My first exposure with server side web development was probably around 2008, likely with ASP.NET if I recall it correctly. Soon I migrated to ASP.NET MVC which, at the time, felt like a saner and more productive tool for me. Those were my first baby steps using the MVC architecture and I was fairly happy with it.
Then, I discovered Ruby on Rails. It completely changed everything I knew not just about web development, but also about programming in general. It redefined what productivity and delight meant to me. I suddenly felt a newfound joy with programming as I never had before. It was all thanks to Ruby and Rails. I was in love.
Since then, it has been my go-to framework for rapid prototyping of websites. It's was a no-brainer. I could deliver them fast and iterate very quickly. The whole process was enjoyable, unlike with tools I've used before (like ASP.NET, for example). It was like living in the future.
Scaling Rails beyond prototypes
While Ruby on Rails was absolutely unbeatable at starting new projects quickly off the ground, it didn't take too long until I realized that the story was different when you had a larger scale codebase with a big team of developers working on it. If you've ever worked in a codebase like that you'll know what I'm talking about. The truth is, it's not easy to grow a Rails app beyond a prototype. Quite the opposite, it's a real challenge. Soon you'd realize that too much "magic" was actually a problem and that compilers and strong typing doesn't sound that bad anymore. I faced that problem firsthand in several companies and saw the struggle was real.
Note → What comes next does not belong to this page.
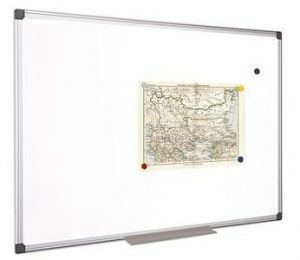 Bílá magnetická tabule, 60x90cm, hliníkový rám, VICTORIA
My view on the problem was fairly "simple": "if only we had a type-safe alternative to Rails, with a bit less magic, that'd be sweet". Unfortunately, I've never found an answer to that.
The first time I tried Kotlin, I felt that same joy of programming that once sparked when I first tried Ruby. I was highly productive once again, but this time I had much more confidence on the code I was writing.
Kotlin grew very quickly in popularity in the Android ecossystem. There was this big need for a language more enjoyable (and less verbose) to work with than Java. I was immediately very bullish on it, but not just for Android. For any kind of application! Soon I started playing with it to build command line apps, games, webapps and even console emulators! I had a lot of fun doing so, however Rails was still unbeatable for web development since no equivalent alternative seemed to exist in the JVM ecossystem.
Kales is an attempt the bring some of the most useful patterns, conventions and features implemented by the Ruby on Rails web framework to the Java/JVM/Kotlin world. I'd love for it to be seen not as a copy, but as a tribute. It is said that "imitation is the sincerest form of flattery" and I wholeheartedly agree.
This work would not be possible without the amazing work of the (literally) thousands of Rails contributors that helped shape the API and conventions behind that tool over the past 10+ years.